RECORD EXCERPTS
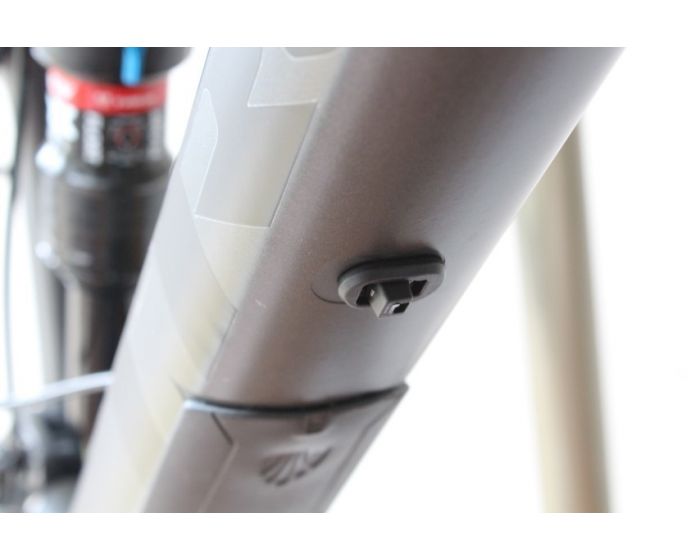 Trek Fuel EX 9.9 9.8 9.7 2017-19 | Frame Protection Kit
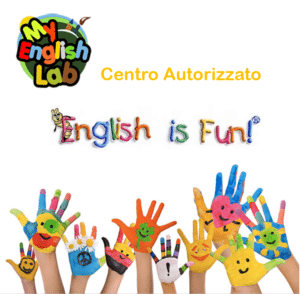 Great News - My English Lab diventa Centro Autorizzato English is Fun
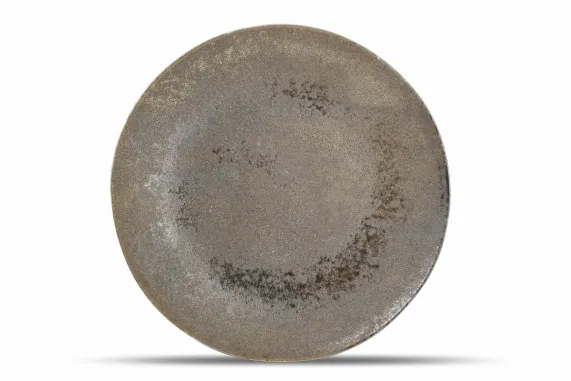 Sierschaal 44 cm Rusty Bullet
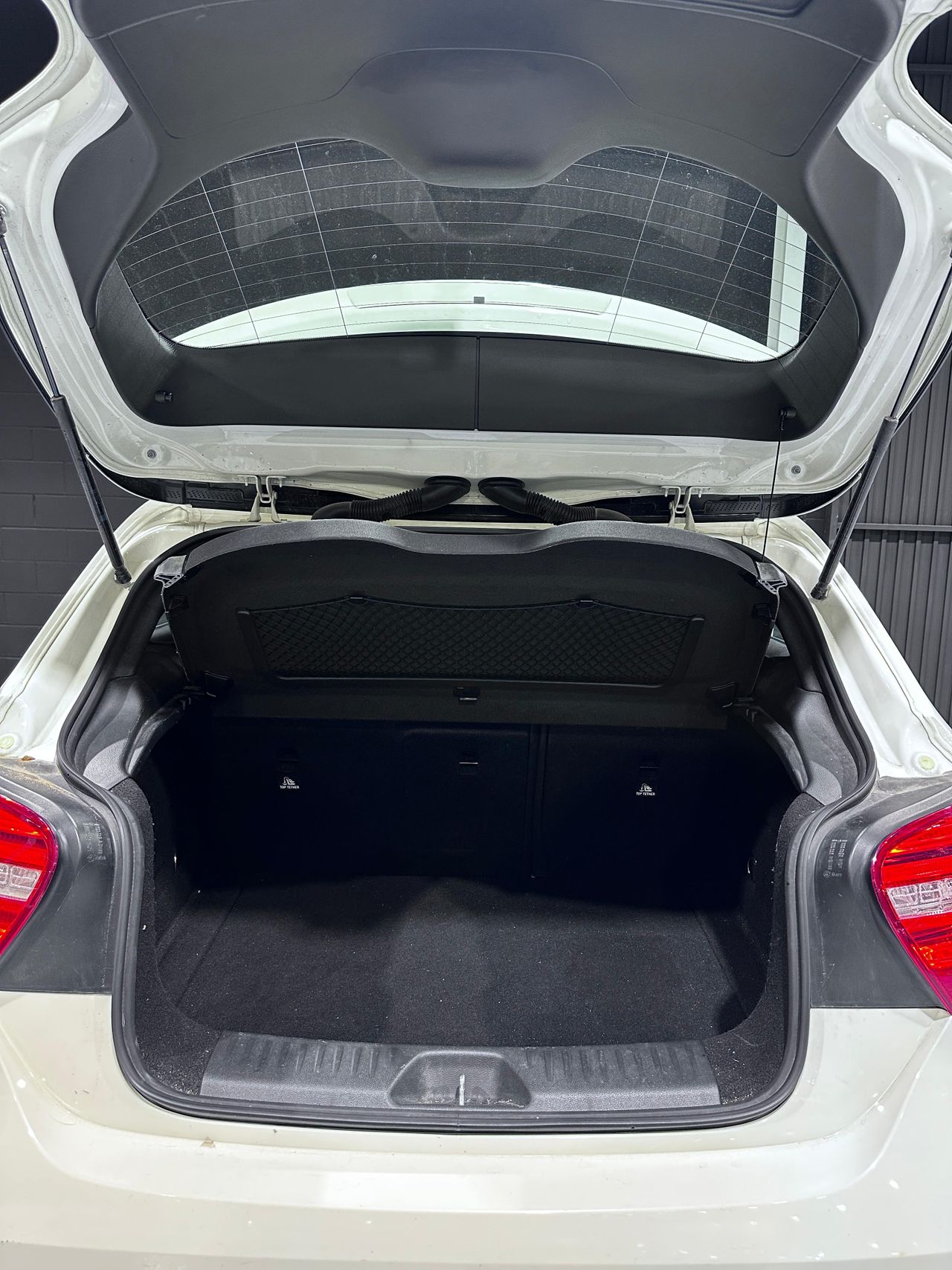 Mercedes Clase A A 180 BlueEFFICIENCY Style - Foto 18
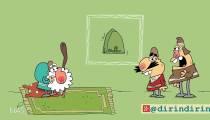 دیرین دیرین - ذوالچرخین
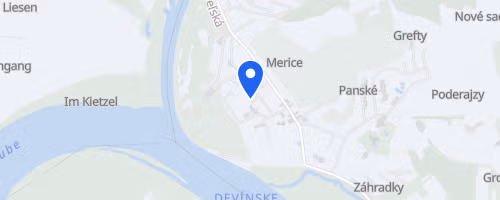 Behaj Lesmi Devín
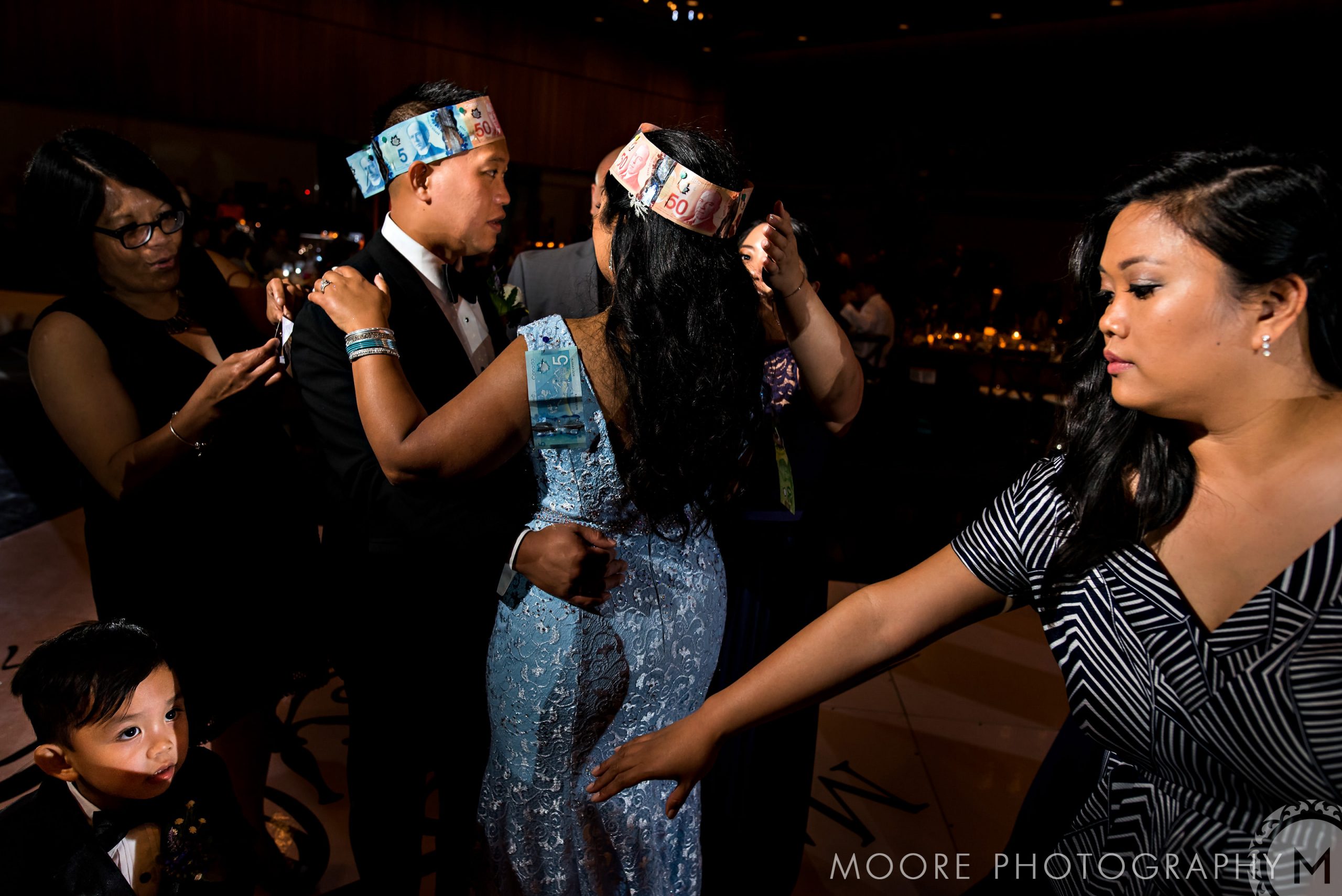 Fashion - Ceremony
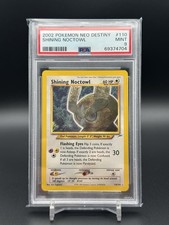 Shining Noctowl 110/105 Neo Destiny Holo on eBay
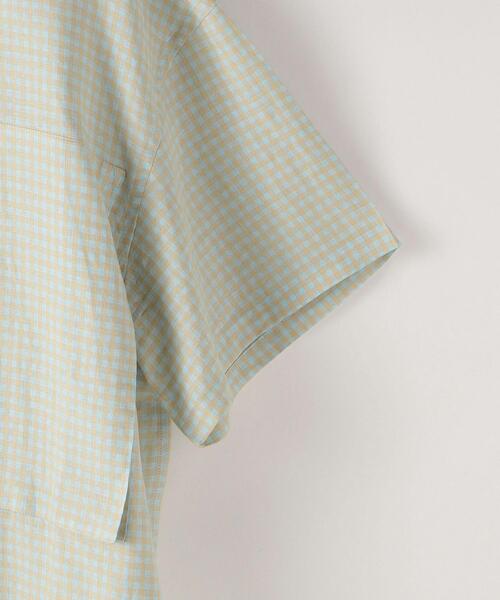 Steven Alan（スティーブンアラン）の「＜E.TAUTZ × Steven Alan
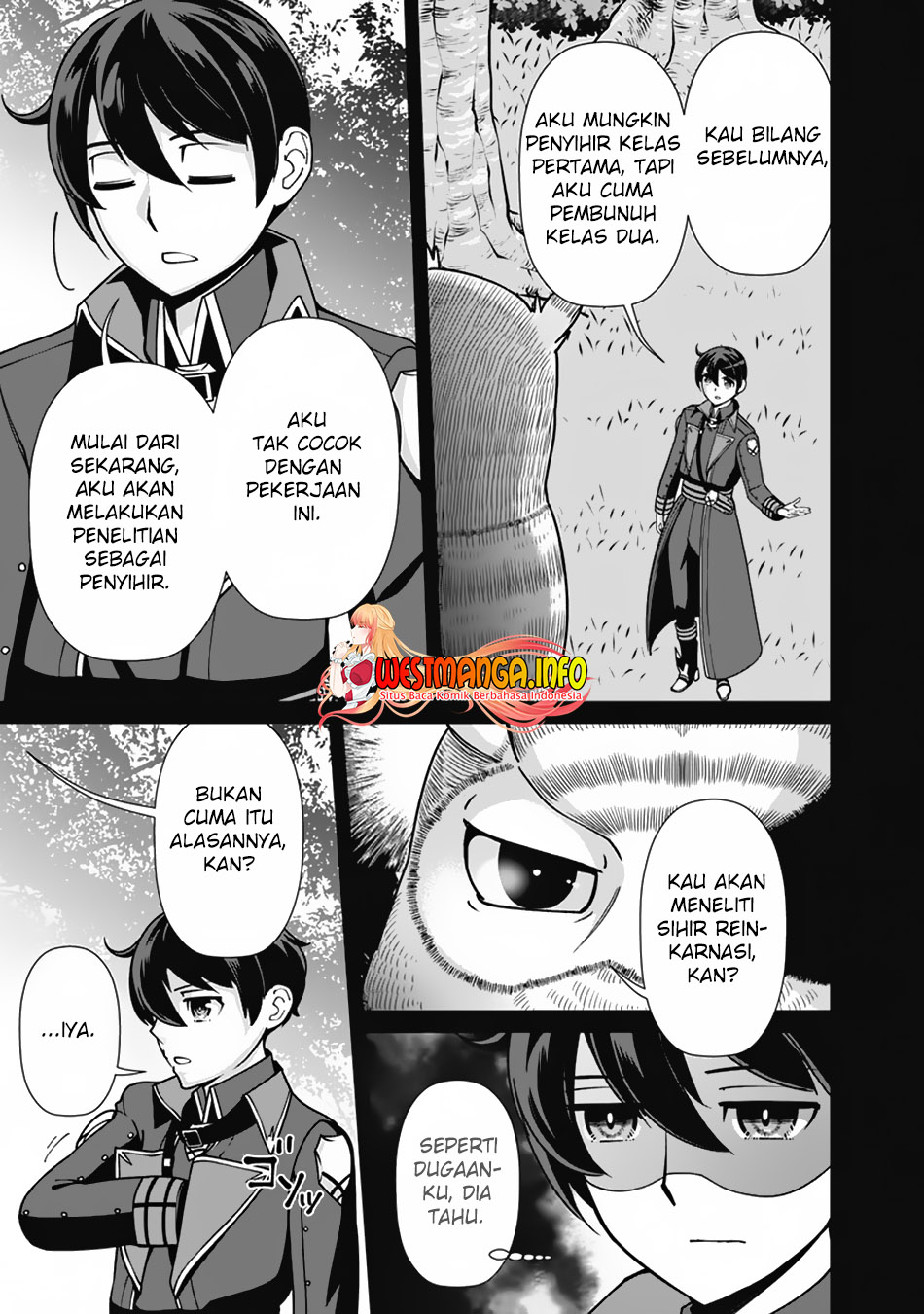 Chapter 105 - halaman 15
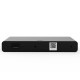 Reyee RG-NBS3100-8GT2SFP-P 8-Port Gigabit L2  Cloud Managed POE Switch, 8 POE/POE+ Ports, +2 SFP Gigabit Slots, 125W PoE Power Budget, Desktop Steel Case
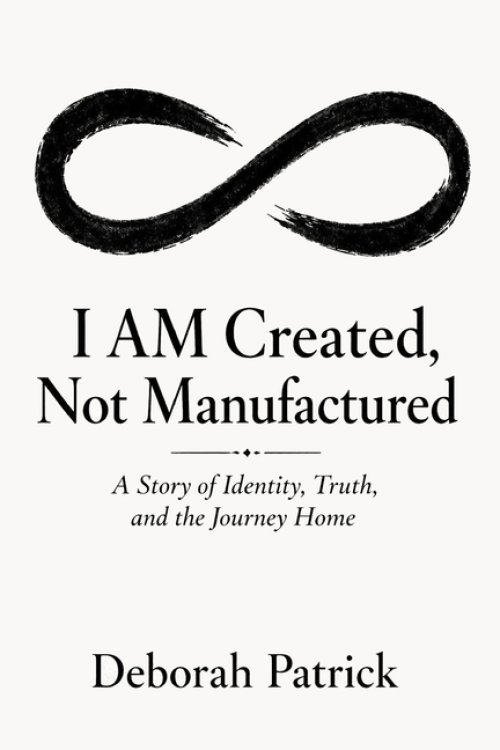I AM Created, Not Manufactured: A Story of Identity, Truth, and the Journey Home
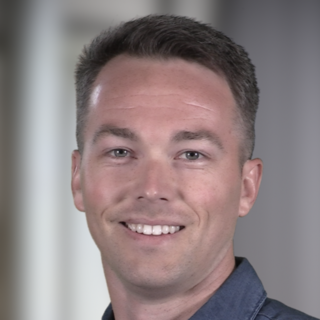 Jared Hagemann, software Project Management Consultant.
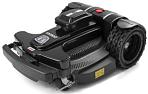 Газонокосилка робот Caiman Tech X6 Elite Ultra (ITA, площадь газона до 6000 м2, нож 36 см., GPS, Bluetooth, алгоритм умной стрижки, вес 18 кг.)
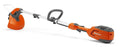 Husqvarna Akku-Trimmer 110iL - Modell 2023 - MotorLand.at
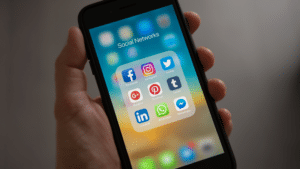 social media marketing for restaurants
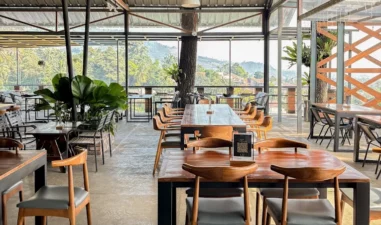 7 Cafe Estetik di Bogor yang Instagramable & Wajib Dikunjungi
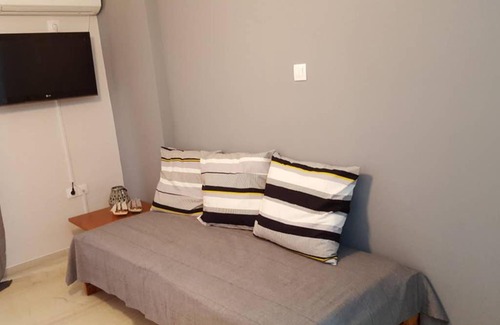 Vrahati Apartamento | Apartment by the sea
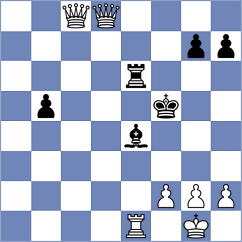 Kavutskiy - Piliczewski (chess.com INT, 2024)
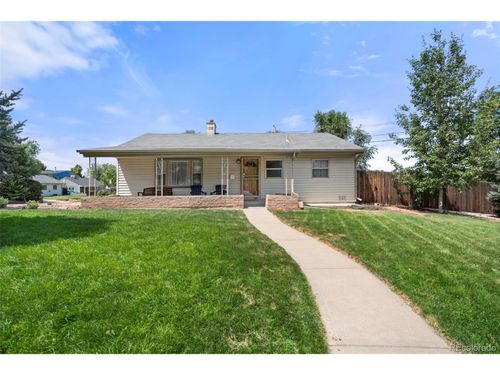 1845 S Mabry Way, Denver, CO, 80219-4538 | Card Image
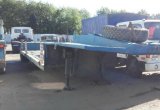 Низкорамный полуприцеп 993210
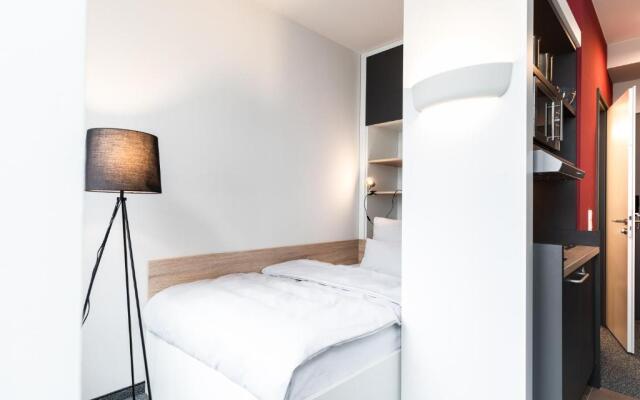 HUB-Apartments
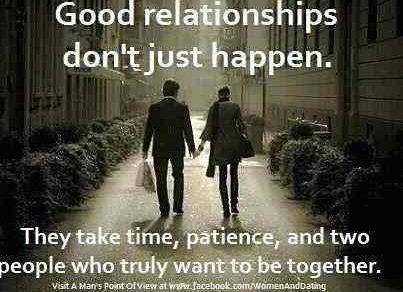 relationship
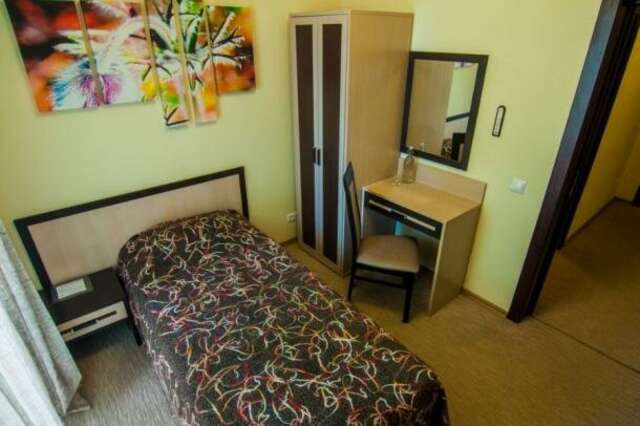 Гостиница Порт Весьегонск Весьегонск-194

WORK REQUIRED
Working from the material above, transcribe it exactly while omitting pictures.

YOUR RESPONSE
 Trek Fuel EX 9.9 9.8 9.7 2017-19 | Frame Protection Kit
 Great News - My English Lab diventa Centro Autorizzato English is Fun
 Sierschaal 44 cm Rusty Bullet
 Mercedes Clase A A 180 BlueEFFICIENCY Style - Foto 18
 دیرین دیرین - ذوالچرخین
 Behaj Lesmi Devín
 Fashion - Ceremony
 Shining Noctowl 110/105 Neo Destiny Holo on eBay
 Steven Alan（スティーブンアラン）の「＜E.TAUTZ × Steven Alan
 Chapter 105 - halaman 15
 Reyee RG-NBS3100-8GT2SFP-P 8-Port Gigabit L2  Cloud Managed POE Switch, 8 POE/POE+ Ports, +2 SFP Gigabit Slots, 125W PoE Power Budget, Desktop Steel Case
I AM Created, Not Manufactured: A Story of Identity, Truth, and the Journey Home
 Jared Hagemann, software Project Management Consultant.
 Газонокосилка робот Caiman Tech X6 Elite Ultra (ITA, площадь газона до 6000 м2, нож 36 см., GPS, Bluetooth, алгоритм умной стрижки, вес 18 кг.)
 Husqvarna Akku-Trimmer 110iL - Modell 2023 - MotorLand.at
 social media marketing for restaurants
 7 Cafe Estetik di Bogor yang Instagramable & Wajib Dikunjungi
 Vrahati Apartamento | Apartment by the sea
 Kavutskiy - Piliczewski (chess.com INT, 2024)
 1845 S Mabry Way, Denver, CO, 80219-4538 | Card Image
 Низкорамный полуприцеп 993210
 HUB-Apartments
 relationship
 Гостиница Порт Весьегонск Весьегонск-194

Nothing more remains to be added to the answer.